Where a line contains the word "This", copy that line from the records below.

Items from a data source:

====

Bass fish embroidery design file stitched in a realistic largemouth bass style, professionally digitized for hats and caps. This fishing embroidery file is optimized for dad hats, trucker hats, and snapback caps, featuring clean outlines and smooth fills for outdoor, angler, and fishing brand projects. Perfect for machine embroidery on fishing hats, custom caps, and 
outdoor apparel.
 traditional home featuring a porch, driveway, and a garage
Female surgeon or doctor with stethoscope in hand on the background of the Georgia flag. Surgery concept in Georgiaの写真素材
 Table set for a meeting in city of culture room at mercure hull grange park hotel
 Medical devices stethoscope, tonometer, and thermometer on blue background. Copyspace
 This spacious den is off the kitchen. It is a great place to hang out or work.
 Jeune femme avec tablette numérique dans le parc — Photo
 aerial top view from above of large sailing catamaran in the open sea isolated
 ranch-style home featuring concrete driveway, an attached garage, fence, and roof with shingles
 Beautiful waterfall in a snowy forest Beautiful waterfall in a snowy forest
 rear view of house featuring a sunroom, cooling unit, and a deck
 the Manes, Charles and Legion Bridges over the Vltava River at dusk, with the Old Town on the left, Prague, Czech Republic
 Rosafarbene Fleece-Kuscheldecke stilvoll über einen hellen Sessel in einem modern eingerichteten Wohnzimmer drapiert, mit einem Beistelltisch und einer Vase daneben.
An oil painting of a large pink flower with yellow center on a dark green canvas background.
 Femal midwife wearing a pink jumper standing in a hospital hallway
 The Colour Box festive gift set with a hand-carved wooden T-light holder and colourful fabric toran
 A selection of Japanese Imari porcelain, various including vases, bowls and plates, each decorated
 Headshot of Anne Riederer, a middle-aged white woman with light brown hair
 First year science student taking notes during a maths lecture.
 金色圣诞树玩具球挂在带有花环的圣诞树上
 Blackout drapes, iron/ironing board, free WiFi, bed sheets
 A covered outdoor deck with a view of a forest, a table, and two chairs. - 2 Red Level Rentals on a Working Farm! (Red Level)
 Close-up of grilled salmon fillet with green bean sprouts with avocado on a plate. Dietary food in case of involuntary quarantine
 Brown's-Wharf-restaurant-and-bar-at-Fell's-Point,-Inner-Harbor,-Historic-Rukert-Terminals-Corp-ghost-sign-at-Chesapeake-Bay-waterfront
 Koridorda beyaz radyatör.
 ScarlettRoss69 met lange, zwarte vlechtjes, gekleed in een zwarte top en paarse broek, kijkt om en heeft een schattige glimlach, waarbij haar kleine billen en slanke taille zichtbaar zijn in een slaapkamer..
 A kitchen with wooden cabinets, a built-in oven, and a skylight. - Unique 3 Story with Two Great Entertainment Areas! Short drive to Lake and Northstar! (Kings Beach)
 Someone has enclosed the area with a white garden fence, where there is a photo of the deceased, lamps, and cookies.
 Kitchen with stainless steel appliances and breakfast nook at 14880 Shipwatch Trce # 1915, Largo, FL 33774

====

- Answer section
Bass fish embroidery design file stitched in a realistic largemouth bass style, professionally digitized for hats and caps. This fishing embroidery file is optimized for dad hats, trucker hats, and snapback caps, featuring clean outlines and smooth fills for outdoor, angler, and fishing brand projects. Perfect for machine embroidery on fishing hats, custom caps, and 
 This spacious den is off the kitchen. It is a great place to hang out or work.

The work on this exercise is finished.